# HG changeset patch
# User krauss
# Date 1313957584 -7200
# Node ID 3a10392fb8c309f199a8fd5e3c4d0ba51b9d7f1e
# Parent  03d91bfad83bd2f8a7716edb9ee76e86a7301a5b
added proof of idempotence, roughly after HOL/Subst/Unify.thy

diff -r 03d91bfad83b -r 3a10392fb8c3 src/HOL/ex/Unification.thy
--- a/src/HOL/ex/Unification.thy	Sun Aug 21 22:13:04 2011 +0200
+++ b/src/HOL/ex/Unification.thy	Sun Aug 21 22:13:04 2011 +0200
@@ -118,6 +118,9 @@
 lemma subst_trans[trans]: "\<lbrakk>s1 \<doteq> s2; s2 \<doteq> s3\<rbrakk> \<Longrightarrow> s1 \<doteq> s3"
   by (auto simp:subst_eq_def)
 
+lemma subst_no_occs: "\<not> Var v \<prec> t \<Longrightarrow> Var v \<noteq> t
+  \<Longrightarrow> t \<lhd> [(v,s)] = t"
+by (induct t) auto
 
 text {* Composition of Substitutions *}
 
@@ -170,6 +173,9 @@
   "MGU \<sigma> s t \<Longrightarrow> MGU \<sigma> t s"
   by (auto simp:MGU_def Unifier_def)
 
+lemma MGU_is_Unifier: "MGU \<sigma> t u \<Longrightarrow> Unifier \<sigma> t u"
+unfolding MGU_def by (rule conjunct1)
+
 lemma MGU_Var: 
   assumes "\<not> Var v \<prec> t"
   shows "MGU [(v,t)] (Var v) t"
@@ -431,7 +437,6 @@
 
 lemma unify_computes_MGU:
   "unify M N = Some \<sigma> \<Longrightarrow> MGU \<sigma> M N"
-using assms
 proof (induct M N arbitrary: \<sigma> rule: unify.induct)

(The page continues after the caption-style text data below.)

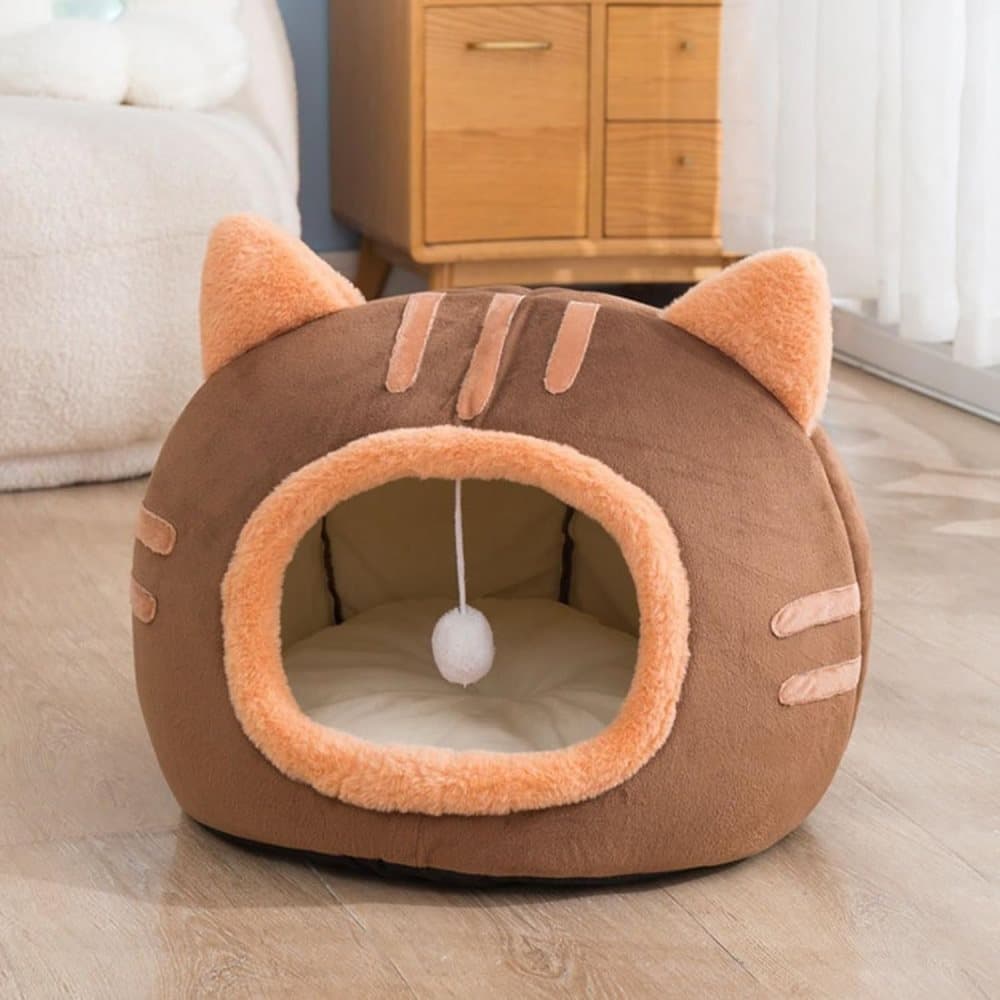 Fluffy Dog Bed Cat Bed Winter Pet House Anti-Slip, M, Brown Gray Pink — image 4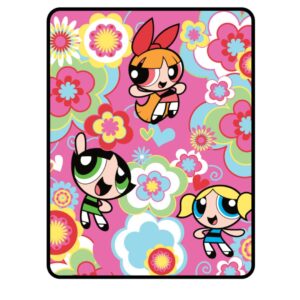 franco power puff girls bedding super soft micro raschel throw, 46 in x 60 in, (official licensed power puff girls product) collectibles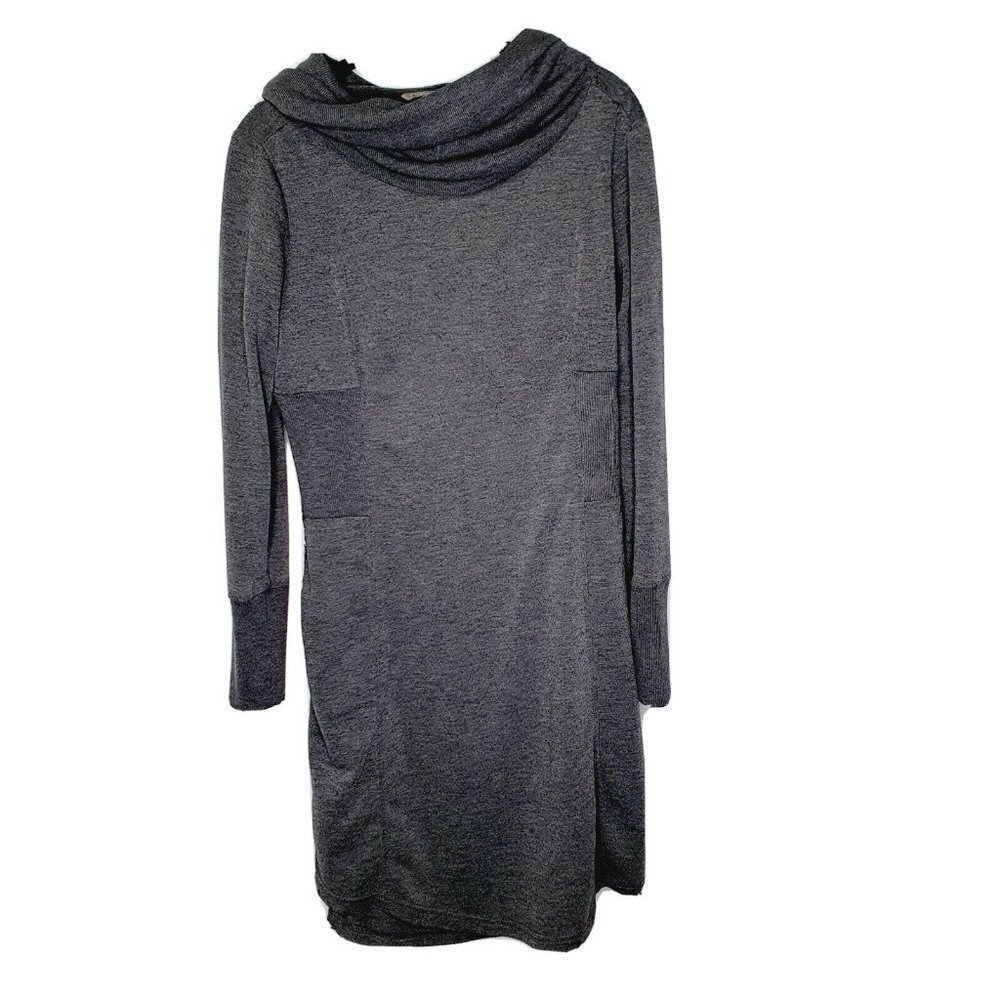Royal Robbins Cowl Neck Solid Gray Stretch Dress Long Sleeve Zip Pocket Small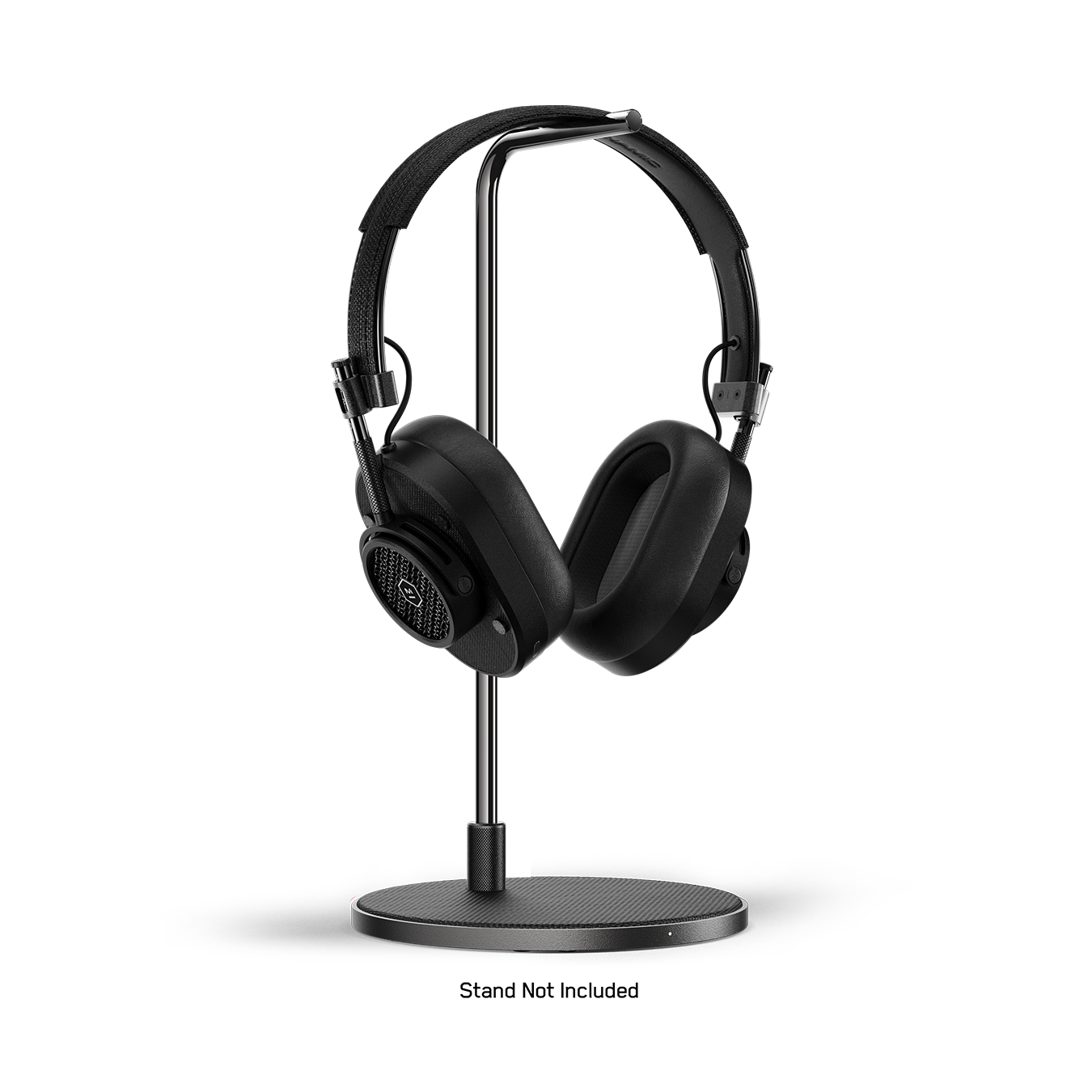 Black MH40 Wireless Headphones placed on a black headphone stand | gallery MH40B1-W2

   case (7 M N M' N' \<sigma>) -- "The interesting case"
 
@@ -476,6 +481,62 @@
   qed
 qed (auto simp: MGU_Const intro: MGU_Var MGU_Var[symmetric] split: split_if_asm)
 
+lemma Idem_Nil [iff]: "Idem []"
+  by (simp add: Idem_def)
 
+lemma Var_Idem: 
+  assumes "~ (Var v \<prec> t)" shows "Idem [(v,t)]"
+  unfolding Idem_def
+proof
+  from assms have [simp]: "t \<lhd> [(v, t)] = t"
+    by (metis assoc.simps(2) subst.simps(1) subst_no_occs)
+
+  fix s show "s \<lhd> [(v, t)] \<lozenge> [(v, t)] = s \<lhd> [(v, t)]"
+    by (induct s) auto
+qed
+
+lemma Unifier_Idem_subst: 
+  "Idem(r) \<Longrightarrow> Unifier s (t \<lhd> r) (u \<lhd> r) \<Longrightarrow>
+    Unifier (r \<lozenge> s) (t \<lhd> r) (u \<lhd> r)"
+by (simp add: Idem_def Unifier_def subst_eq_def)
+
+lemma Idem_comp:
+  "Idem r \<Longrightarrow> Unifier s (t \<lhd> r) (u \<lhd> r) \<Longrightarrow>
+      (!!q. Unifier q (t \<lhd> r) (u \<lhd> r) \<Longrightarrow> s \<lozenge> q \<doteq> q) \<Longrightarrow>
+    Idem (r \<lozenge> s)"
+  apply (frule Unifier_Idem_subst, blast) 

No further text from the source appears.